Ce ransomware piloté par une IA s’attaque désormais aux intelligences artificielles elles-mêmes
Les ransomwares visent d’ordinaire les documents et les bases de données des entreprises. Des pirates viennent de changer complètement de cible avec un logiciel taillé pour l’intelligence artificielle. Reconstruire un seul modèle détruit coûte parfois plusieurs centaines de milliers d’euros.

Les ransomwares suivent la même logique depuis des années. Les pirates chiffrent les fichiers d’une entreprise, puis réclament un paiement pour les rendre lisibles. L’intelligence artificielle a rendu ces attaques plus rapides et plus autonomes. DeepSeek s’est déjà montrée capable d’assembler seule un logiciel de rançon ciblant les photos, sans la moindre installation sur l’appareil. Les cibles traditionnelles restent pourtant les documents, les sauvegardes et les bases de données.
Un groupe de pirates baptisé JADEPUFFER vient de rompre avec cette habitude. Son nouveau programme malveillant, nommé ENCFORGE, cible en priorité les fichiers des systèmes d’IA. Les attaquants pénètrent les serveurs par une faille pourtant corrigée depuis longtemps. Les cyberattaques assistées par intelligence artificielle vont plus vite que les correctifs des entreprises, et ce décalage dure depuis plusieurs mois.
Le ransomware ENCFORGE chiffre environ 180 types de fichiers liés à l’intelligence artificielle
ENCFORGE ne ressemble à aucun rançongiciel classique.
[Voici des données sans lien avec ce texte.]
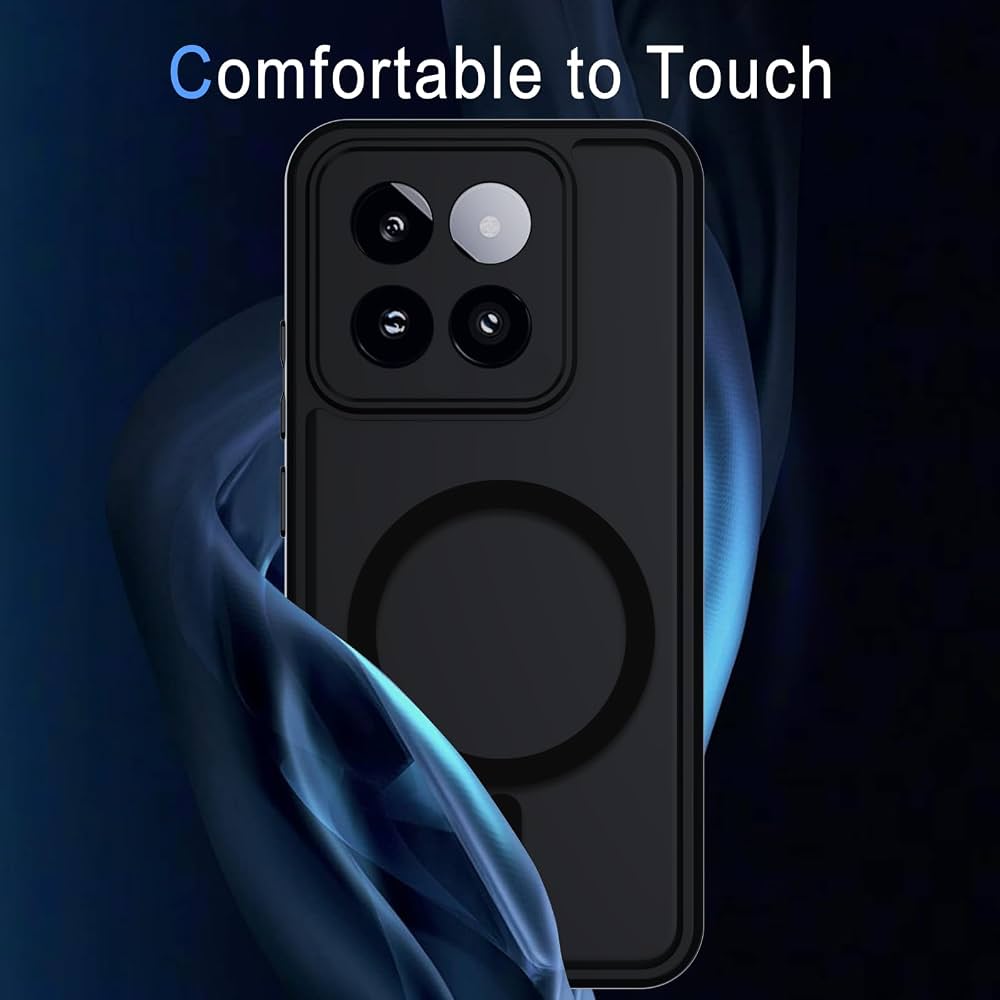 XTCASE Matt Transluzente Hülle Für Xiaomi 14 – Magnetisch, Magsafe Kompatibel, Mit Kratzschutz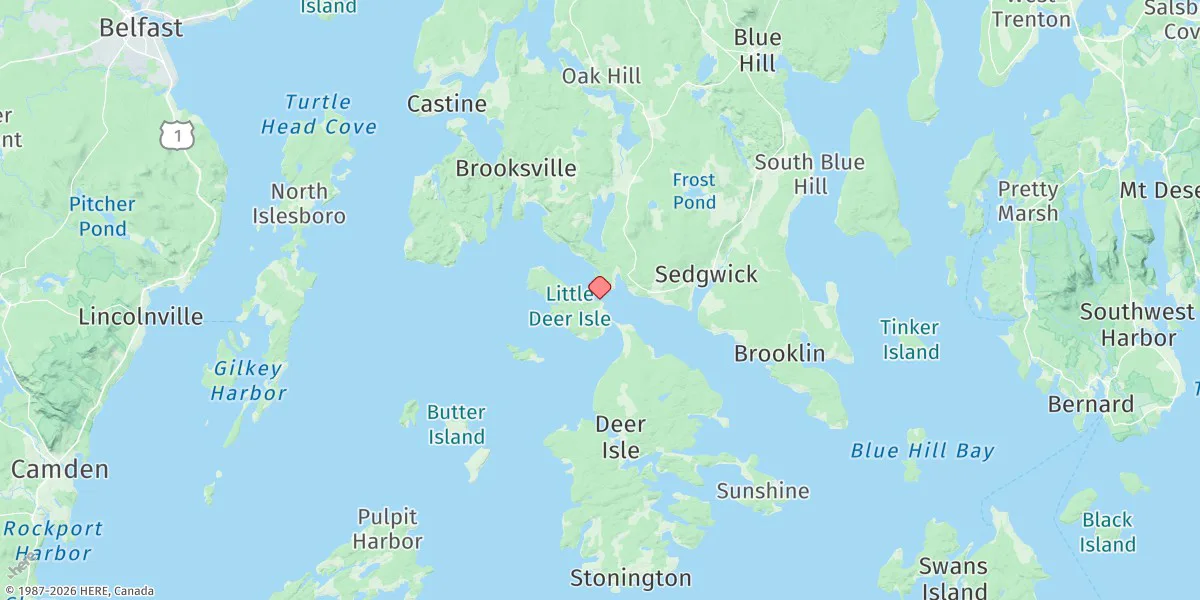 Map preview for Little Deer Isle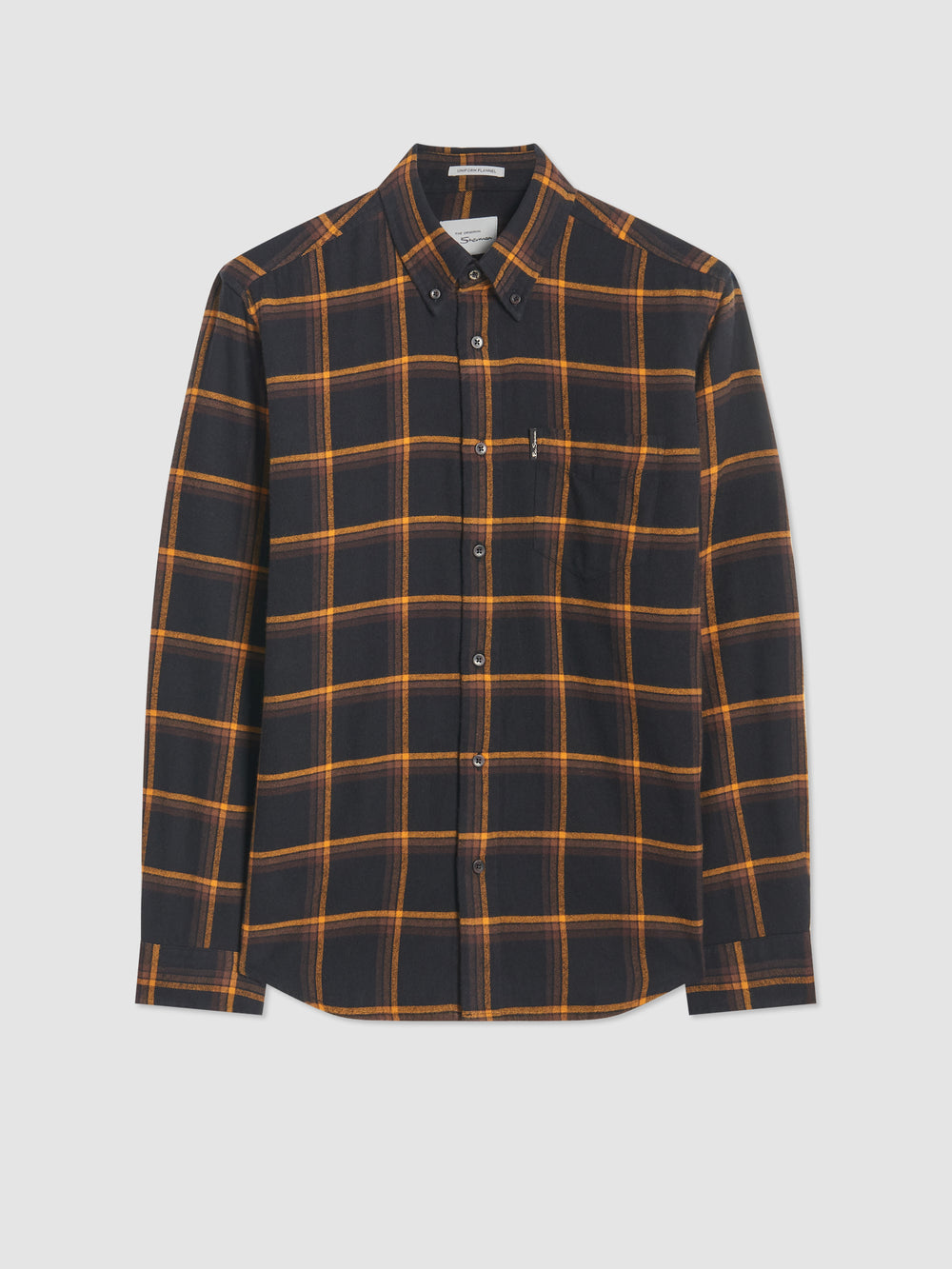 Košile Ben Sherman Oversized Brushed Check Černé | MAF706983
Selon le rapport de Sysdig, dont les chercheurs ont décortiqué le programme, environ 180 formats figurent dans sa liste de cibles. Le logiciel s’attaque aux poids des modèles, aux sauvegardes d’entraînement et aux bases vectorielles. Chaque fichier touché reçoit l’extension .locked, accompagnée d’une note réclamant un contact sous sept jours. Les pirates entrent par une faille de Langflow, un outil libre servant à créer des applications basées sur l’IA.
La facture dépasse de loin celle d’une attaque ordinaire. Reconstruire un modèle prêt pour la production coûte entre 75 000 et 500 000 dollars, soit environ 69 000 à 460 000 euros. Ce montant couvre les semaines de calcul et le travail des équipes techniques nécessaires au réentraînement. Une sauvegarde ne règle pas toujours le problème, puisqu’elle ramène l’entreprise à un état parfois vieux de plusieurs mois.
L’attaque se distingue enfin par ce qu’elle ne fait pas. Les chercheurs n’ont relevé aucun vol de données, aucun site de publication et aucun portail de paiement. Le chantage repose uniquement sur la destruction des modèles, sans la menace habituelle de divulgation. La faille visée par ENCFORGE est pourtant réparée depuis plus d’un an dans les versions récentes de Langflow. Les entreprises bâtissant leur activité sur l’IA ont tout intérêt à sauvegarder leurs travaux hors ligne.